[Caption-style text data]
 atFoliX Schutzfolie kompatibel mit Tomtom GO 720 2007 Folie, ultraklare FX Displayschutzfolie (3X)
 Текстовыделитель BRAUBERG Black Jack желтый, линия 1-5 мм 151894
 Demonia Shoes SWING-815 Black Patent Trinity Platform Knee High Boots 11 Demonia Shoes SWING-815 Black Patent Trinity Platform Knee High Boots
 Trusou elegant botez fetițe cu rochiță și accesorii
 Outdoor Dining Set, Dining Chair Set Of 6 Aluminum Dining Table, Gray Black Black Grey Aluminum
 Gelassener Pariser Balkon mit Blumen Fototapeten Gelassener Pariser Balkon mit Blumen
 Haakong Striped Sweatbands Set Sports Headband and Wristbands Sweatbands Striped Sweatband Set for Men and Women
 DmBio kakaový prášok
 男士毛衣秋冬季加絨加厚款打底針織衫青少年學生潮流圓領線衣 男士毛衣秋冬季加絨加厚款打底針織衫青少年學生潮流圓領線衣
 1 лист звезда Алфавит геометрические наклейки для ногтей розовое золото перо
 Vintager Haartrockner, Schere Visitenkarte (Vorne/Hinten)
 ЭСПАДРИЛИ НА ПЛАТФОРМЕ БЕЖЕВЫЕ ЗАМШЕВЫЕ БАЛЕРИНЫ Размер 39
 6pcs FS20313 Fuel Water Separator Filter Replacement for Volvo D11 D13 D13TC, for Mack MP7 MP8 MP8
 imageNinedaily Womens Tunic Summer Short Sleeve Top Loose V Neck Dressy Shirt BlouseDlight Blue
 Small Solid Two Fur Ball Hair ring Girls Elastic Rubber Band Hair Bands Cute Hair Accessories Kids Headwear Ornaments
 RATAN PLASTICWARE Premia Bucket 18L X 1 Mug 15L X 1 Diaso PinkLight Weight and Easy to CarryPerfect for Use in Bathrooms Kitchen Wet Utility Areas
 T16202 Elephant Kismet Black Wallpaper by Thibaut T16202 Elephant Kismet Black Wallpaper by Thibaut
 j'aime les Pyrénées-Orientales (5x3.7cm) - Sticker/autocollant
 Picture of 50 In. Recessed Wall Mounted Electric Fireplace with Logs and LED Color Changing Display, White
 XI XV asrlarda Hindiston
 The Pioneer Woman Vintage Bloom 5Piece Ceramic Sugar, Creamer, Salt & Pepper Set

*Work order*:
Every entry must come back exactly as written above.

*Expected answer*:
 atFoliX Schutzfolie kompatibel mit Tomtom GO 720 2007 Folie, ultraklare FX Displayschutzfolie (3X)
 Текстовыделитель BRAUBERG Black Jack желтый, линия 1-5 мм 151894
 Demonia Shoes SWING-815 Black Patent Trinity Platform Knee High Boots 11 Demonia Shoes SWING-815 Black Patent Trinity Platform Knee High Boots
 Trusou elegant botez fetițe cu rochiță și accesorii
 Outdoor Dining Set, Dining Chair Set Of 6 Aluminum Dining Table, Gray Black Black Grey Aluminum
 Gelassener Pariser Balkon mit Blumen Fototapeten Gelassener Pariser Balkon mit Blumen
 Haakong Striped Sweatbands Set Sports Headband and Wristbands Sweatbands Striped Sweatband Set for Men and Women
 DmBio kakaový prášok
 男士毛衣秋冬季加絨加厚款打底針織衫青少年學生潮流圓領線衣 男士毛衣秋冬季加絨加厚款打底針織衫青少年學生潮流圓領線衣
 1 лист звезда Алфавит геометрические наклейки для ногтей розовое золото перо
 Vintager Haartrockner, Schere Visitenkarte (Vorne/Hinten)
 ЭСПАДРИЛИ НА ПЛАТФОРМЕ БЕЖЕВЫЕ ЗАМШЕВЫЕ БАЛЕРИНЫ Размер 39
 6pcs FS20313 Fuel Water Separator Filter Replacement for Volvo D11 D13 D13TC, for Mack MP7 MP8 MP8
 imageNinedaily Womens Tunic Summer Short Sleeve Top Loose V Neck Dressy Shirt BlouseDlight Blue
 Small Solid Two Fur Ball Hair ring Girls Elastic Rubber Band Hair Bands Cute Hair Accessories Kids Headwear Ornaments
 RATAN PLASTICWARE Premia Bucket 18L X 1 Mug 15L X 1 Diaso PinkLight Weight and Easy to CarryPerfect for Use in Bathrooms Kitchen Wet Utility Areas
 T16202 Elephant Kismet Black Wallpaper by Thibaut T16202 Elephant Kismet Black Wallpaper by Thibaut
 j'aime les Pyrénées-Orientales (5x3.7cm) - Sticker/autocollant
 Picture of 50 In. Recessed Wall Mounted Electric Fireplace with Logs and LED Color Changing Display, White
 XI XV asrlarda Hindiston
 The Pioneer Woman Vintage Bloom 5Piece Ceramic Sugar, Creamer, Salt & Pepper Set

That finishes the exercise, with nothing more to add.